Any help would be so, so appreciated!!!

Hi! If you still have the original data, this should hopefully be very straightforward, especially if the original annotations were created with Prodigy as well :blush: In that case, you can import the existing annotations into Prodigy using db-in, and then run prodigy train to train an updated model:

As you collect more annotations, you can then keep running prodigy train with all of the data (your previous dataset and your new dataset) to train better and better versions.

I'm not sure if I still have the original data. How would it be stored? What am I looking for?

These are the files I have:

Hi @raquelmsmith ,

It shouldn't be in the food_model folder because it only contains the model itself. Perhaps it should be a JSONL, CSV, or even .txt file?

The engineer who originally made the model said he doesn't have the original annotations :weary: Am I out of luck?

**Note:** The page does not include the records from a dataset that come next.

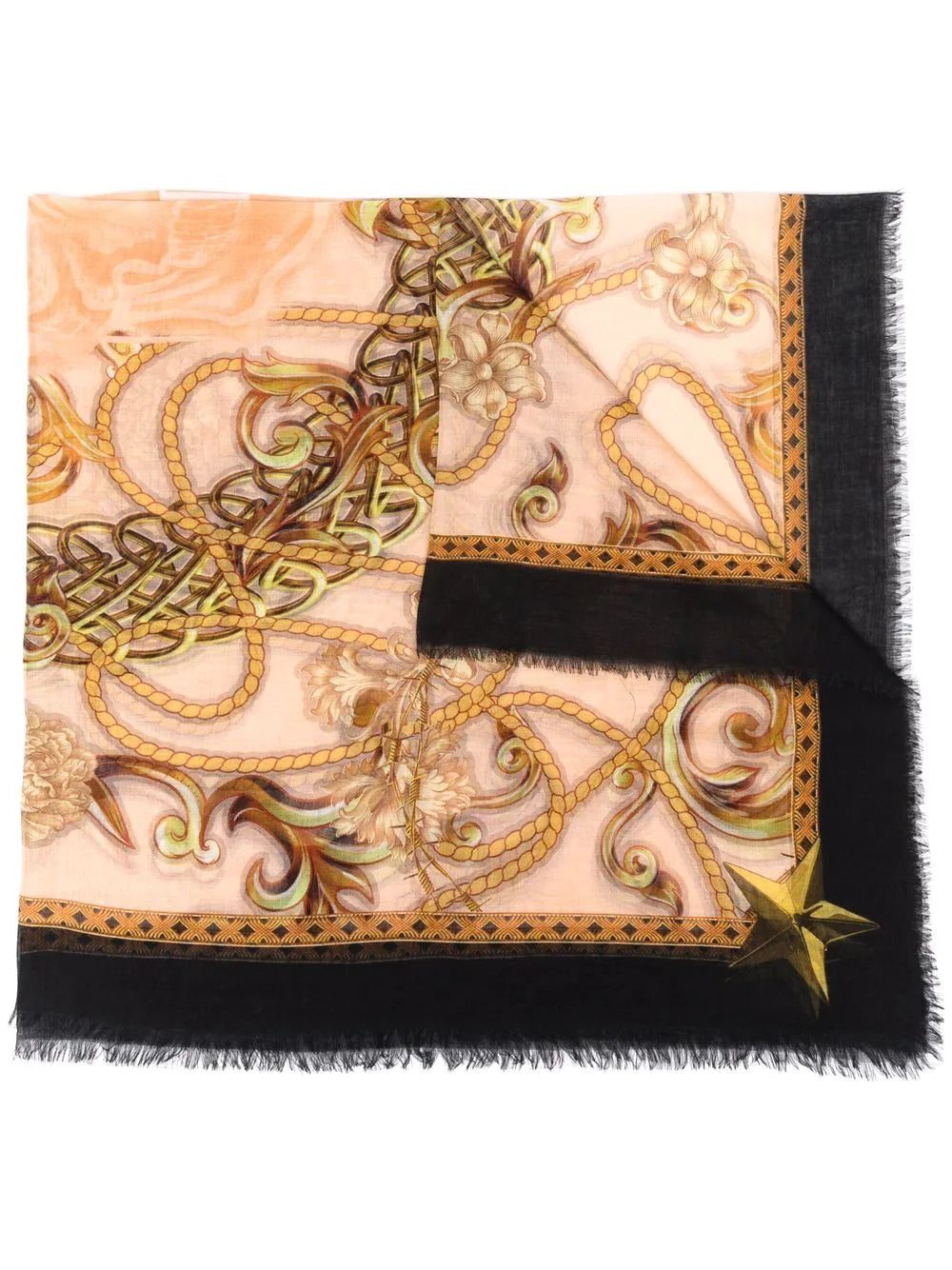 Philipp Plein baroque-print scarf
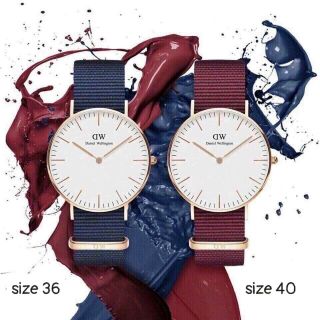 ĐỒNG HỒ NAM NỮ CAO CẤP DANIEL W CLASSIC DÂY DÙ MẶT TRẮNG FULLBOX TEM
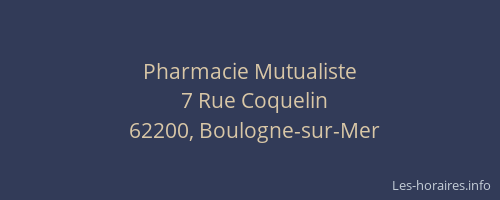 Pharmacie Mutualiste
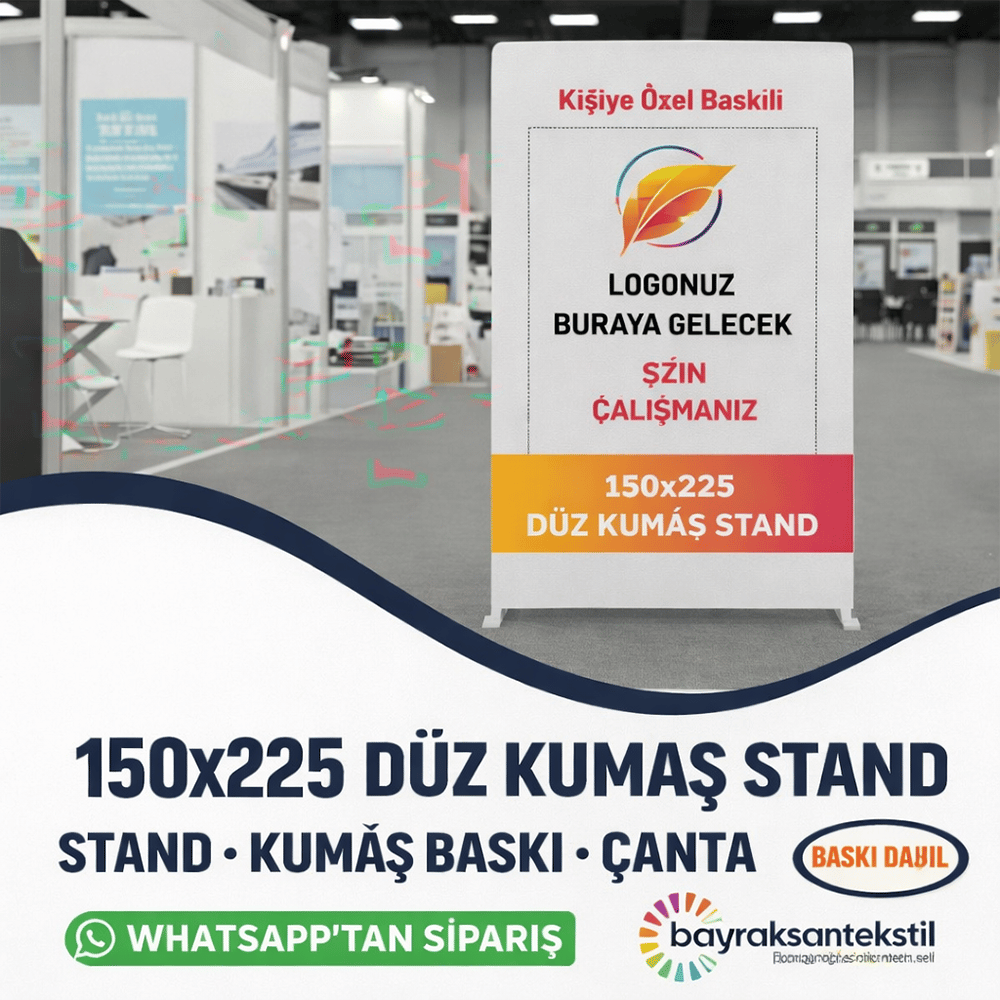 150x225 Düz Kumaş Stand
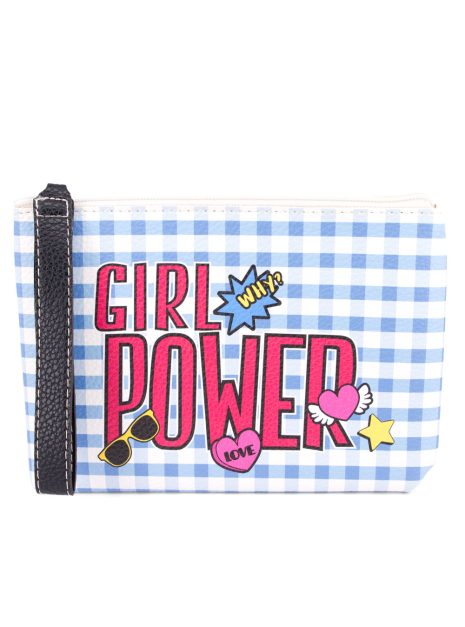 Pouch Bag - Girl Power - Blue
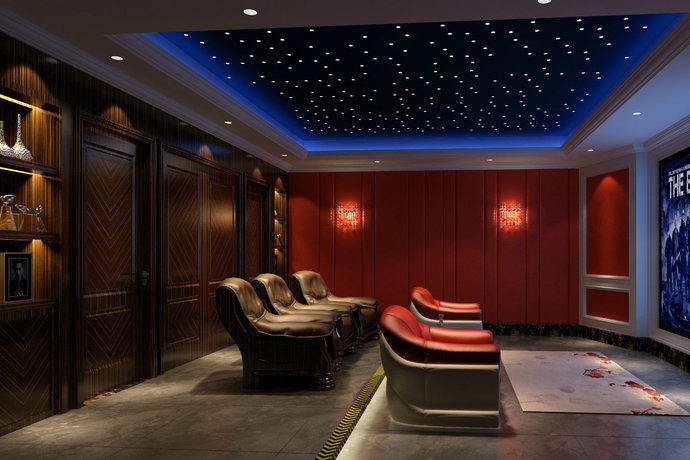 点击大图看下一张：新古典奢华风格别墅客厅装修效果图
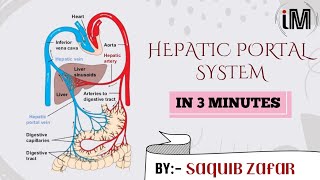 Hepatic Portal SystemBody Fluid and Circulation  Class11  NEET [upl. by Guthry]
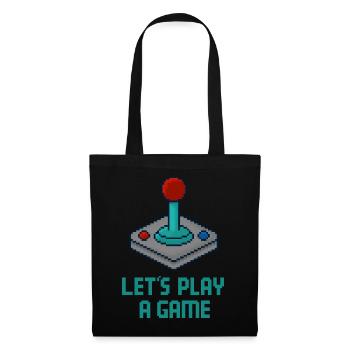 Gaming Pixel-Art Retro-Arcade - Stoffbeutel - Schwarz - Vorne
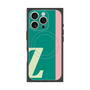 プレミアムスクエアケース with MagSafe［ オリジナル - initial color line - Z green ］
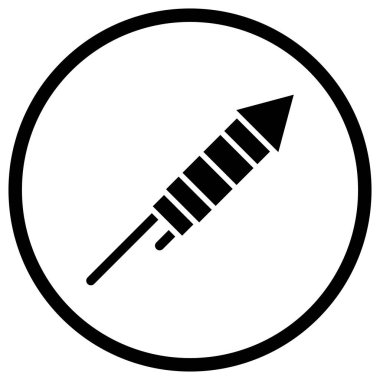 Havai fişek Vektör Simgesi Tasarım İllüstrasyonu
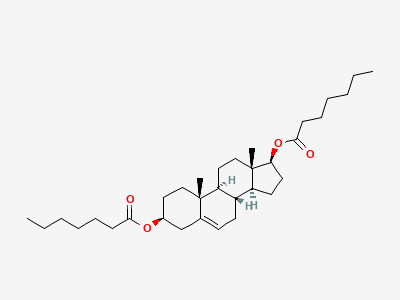 Androst-5-ene-3β,17β-diyl diheptanoate Structure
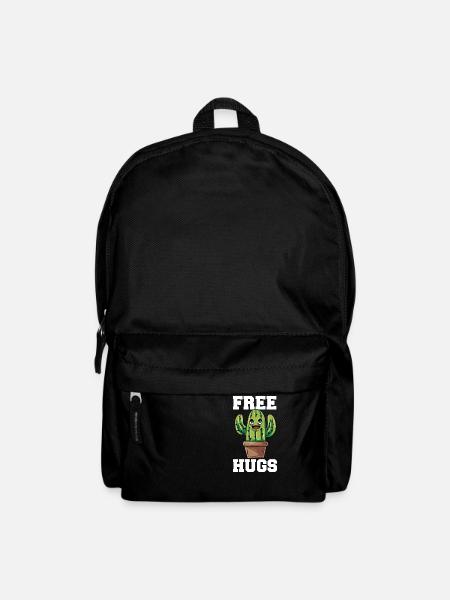 Funny Free Hugs Cactus Sarcastic Design - Rucksack - Schwarz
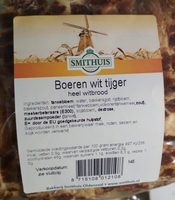 Boeren wit tijger heel witbrood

Aw, damn, if the engineer lost the original training data, that's definitely very unfortunate :disappointed: A model without the data will be immediately stale, and it'll make it difficult to improve it further, try out new ideas etc. Even when you improve a model with more data, you typically want to retrain on all the annotations for the best results.

If the data was annotated with Prodigy, it might still be in the database? Maybe ask the engineer to run prodigy stats -l to view all datasets and see if the data is in there. They can then export it using prodigy db-out.

If you still have the original raw data, one way to recover at least some of the annotations could be to run your model over the raw data and save its predictions. This may not be as accurate as the original training data, but you can always correct it later usind Prodigy and it'll be faster than doing everything from scratch.